From the line containing "Photo of the whole room, Bed in" down to the line containing "Chanel Sneakers" in the records below, reproduce every line exactly, ends included, and omit all others.

***** Records for this exercise

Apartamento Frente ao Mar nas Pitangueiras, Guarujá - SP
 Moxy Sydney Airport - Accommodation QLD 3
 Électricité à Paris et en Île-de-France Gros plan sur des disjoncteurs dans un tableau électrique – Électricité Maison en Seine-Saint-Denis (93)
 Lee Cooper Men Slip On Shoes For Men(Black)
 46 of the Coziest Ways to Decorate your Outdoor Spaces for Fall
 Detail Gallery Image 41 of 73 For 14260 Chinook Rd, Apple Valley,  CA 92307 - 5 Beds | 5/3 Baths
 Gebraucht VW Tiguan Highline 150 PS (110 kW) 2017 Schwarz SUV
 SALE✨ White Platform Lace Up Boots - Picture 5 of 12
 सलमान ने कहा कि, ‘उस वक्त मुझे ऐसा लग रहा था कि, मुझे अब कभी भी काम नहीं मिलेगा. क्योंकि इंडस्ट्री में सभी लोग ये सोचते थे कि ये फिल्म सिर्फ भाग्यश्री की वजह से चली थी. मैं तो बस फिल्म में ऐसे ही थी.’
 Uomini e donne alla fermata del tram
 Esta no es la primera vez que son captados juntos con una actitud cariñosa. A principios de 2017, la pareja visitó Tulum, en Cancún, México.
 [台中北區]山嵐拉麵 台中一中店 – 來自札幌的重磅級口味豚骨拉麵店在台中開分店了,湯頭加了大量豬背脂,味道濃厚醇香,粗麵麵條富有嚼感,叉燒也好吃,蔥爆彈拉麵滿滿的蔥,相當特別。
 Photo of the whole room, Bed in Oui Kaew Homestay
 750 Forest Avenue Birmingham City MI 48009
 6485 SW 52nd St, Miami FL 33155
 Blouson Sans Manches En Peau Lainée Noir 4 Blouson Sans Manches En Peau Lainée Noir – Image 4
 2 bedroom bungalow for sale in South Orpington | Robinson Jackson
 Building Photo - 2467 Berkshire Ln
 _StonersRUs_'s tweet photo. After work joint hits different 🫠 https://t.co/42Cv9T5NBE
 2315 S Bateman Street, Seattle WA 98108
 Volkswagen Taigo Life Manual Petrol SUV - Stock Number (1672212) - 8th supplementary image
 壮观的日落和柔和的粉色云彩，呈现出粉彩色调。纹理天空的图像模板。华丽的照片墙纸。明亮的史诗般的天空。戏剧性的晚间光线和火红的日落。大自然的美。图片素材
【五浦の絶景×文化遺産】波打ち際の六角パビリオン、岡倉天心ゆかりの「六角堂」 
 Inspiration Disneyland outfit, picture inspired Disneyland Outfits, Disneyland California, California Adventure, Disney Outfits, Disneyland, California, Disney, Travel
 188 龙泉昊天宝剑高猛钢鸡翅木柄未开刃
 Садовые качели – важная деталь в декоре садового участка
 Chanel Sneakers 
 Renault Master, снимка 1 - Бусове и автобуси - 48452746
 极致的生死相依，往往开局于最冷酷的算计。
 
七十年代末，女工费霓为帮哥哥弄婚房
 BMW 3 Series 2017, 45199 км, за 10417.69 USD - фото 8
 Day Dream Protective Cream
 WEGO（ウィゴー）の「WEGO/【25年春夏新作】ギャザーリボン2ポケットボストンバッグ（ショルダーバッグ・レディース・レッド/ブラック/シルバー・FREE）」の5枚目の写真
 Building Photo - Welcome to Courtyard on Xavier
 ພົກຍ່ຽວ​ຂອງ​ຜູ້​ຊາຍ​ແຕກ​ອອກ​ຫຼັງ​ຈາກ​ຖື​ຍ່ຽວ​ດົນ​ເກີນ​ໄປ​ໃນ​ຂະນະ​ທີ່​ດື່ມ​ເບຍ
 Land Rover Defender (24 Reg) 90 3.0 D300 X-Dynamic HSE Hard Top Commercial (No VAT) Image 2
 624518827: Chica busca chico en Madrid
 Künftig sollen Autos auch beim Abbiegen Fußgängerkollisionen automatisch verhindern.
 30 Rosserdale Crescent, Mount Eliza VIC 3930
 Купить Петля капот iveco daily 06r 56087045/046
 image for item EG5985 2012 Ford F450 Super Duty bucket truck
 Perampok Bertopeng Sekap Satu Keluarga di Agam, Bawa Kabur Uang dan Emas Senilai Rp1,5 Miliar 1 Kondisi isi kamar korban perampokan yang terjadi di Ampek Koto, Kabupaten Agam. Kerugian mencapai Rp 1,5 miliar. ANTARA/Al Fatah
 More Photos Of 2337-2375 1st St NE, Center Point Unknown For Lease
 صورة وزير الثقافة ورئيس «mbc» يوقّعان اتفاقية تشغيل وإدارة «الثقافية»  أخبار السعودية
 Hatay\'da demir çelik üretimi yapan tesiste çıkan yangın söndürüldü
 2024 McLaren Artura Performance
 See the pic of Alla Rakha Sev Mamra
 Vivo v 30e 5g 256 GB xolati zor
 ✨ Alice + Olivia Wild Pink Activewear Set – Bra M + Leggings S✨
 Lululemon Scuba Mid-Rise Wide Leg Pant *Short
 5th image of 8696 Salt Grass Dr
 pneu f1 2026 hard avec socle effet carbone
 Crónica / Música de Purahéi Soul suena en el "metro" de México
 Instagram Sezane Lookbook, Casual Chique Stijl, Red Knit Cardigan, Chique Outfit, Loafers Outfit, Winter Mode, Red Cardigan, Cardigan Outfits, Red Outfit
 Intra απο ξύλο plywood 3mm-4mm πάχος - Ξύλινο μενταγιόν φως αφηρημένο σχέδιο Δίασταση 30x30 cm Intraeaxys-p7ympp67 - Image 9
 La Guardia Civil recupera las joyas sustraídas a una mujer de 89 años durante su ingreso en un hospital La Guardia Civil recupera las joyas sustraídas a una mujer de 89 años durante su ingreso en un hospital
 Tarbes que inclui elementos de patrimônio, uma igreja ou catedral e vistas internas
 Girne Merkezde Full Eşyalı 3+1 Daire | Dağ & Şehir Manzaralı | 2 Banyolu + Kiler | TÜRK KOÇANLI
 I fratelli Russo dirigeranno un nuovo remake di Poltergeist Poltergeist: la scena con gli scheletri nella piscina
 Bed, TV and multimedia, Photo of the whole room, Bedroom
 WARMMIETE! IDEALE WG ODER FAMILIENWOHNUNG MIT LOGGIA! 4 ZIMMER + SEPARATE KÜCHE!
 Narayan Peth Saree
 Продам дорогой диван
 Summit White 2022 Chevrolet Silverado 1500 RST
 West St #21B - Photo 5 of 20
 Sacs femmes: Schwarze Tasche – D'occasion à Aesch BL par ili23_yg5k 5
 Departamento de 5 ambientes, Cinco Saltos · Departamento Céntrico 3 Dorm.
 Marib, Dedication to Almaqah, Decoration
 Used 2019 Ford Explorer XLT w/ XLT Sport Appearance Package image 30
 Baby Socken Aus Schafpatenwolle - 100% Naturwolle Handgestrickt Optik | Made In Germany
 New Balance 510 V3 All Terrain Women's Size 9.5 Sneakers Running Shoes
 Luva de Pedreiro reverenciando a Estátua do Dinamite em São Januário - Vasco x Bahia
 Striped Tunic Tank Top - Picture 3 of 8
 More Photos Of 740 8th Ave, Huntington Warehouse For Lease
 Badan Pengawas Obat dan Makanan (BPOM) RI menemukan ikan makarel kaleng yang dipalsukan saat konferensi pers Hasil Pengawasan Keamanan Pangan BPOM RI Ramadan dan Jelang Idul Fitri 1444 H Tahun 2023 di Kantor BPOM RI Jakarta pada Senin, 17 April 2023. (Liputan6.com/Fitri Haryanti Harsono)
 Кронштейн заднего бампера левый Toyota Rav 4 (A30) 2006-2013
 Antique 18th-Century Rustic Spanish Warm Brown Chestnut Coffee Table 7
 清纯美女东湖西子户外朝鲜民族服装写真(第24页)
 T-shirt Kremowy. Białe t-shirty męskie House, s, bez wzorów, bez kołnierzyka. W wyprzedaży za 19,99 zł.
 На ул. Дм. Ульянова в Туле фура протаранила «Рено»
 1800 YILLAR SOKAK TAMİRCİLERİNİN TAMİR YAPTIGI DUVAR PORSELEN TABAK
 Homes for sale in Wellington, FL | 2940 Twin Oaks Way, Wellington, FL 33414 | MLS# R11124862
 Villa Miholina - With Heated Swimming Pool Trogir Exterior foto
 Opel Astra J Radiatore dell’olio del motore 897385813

**********

> **Written answer**:
 Photo of the whole room, Bed in Oui Kaew Homestay
 750 Forest Avenue Birmingham City MI 48009
 6485 SW 52nd St, Miami FL 33155
 Blouson Sans Manches En Peau Lainée Noir 4 Blouson Sans Manches En Peau Lainée Noir – Image 4
 2 bedroom bungalow for sale in South Orpington | Robinson Jackson
 Building Photo - 2467 Berkshire Ln
 _StonersRUs_'s tweet photo. After work joint hits different 🫠 https://t.co/42Cv9T5NBE
 2315 S Bateman Street, Seattle WA 98108
 Volkswagen Taigo Life Manual Petrol SUV - Stock Number (1672212) - 8th supplementary image
 壮观的日落和柔和的粉色云彩，呈现出粉彩色调。纹理天空的图像模板。华丽的照片墙纸。明亮的史诗般的天空。戏剧性的晚间光线和火红的日落。大自然的美。图片素材
【五浦の絶景×文化遺産】波打ち際の六角パビリオン、岡倉天心ゆかりの「六角堂」 
 Inspiration Disneyland outfit, picture inspired Disneyland Outfits, Disneyland California, California Adventure, Disney Outfits, Disneyland, California, Disney, Travel
 188 龙泉昊天宝剑高猛钢鸡翅木柄未开刃
 Садовые качели – важная деталь в декоре садового участка
 Chanel Sneakers 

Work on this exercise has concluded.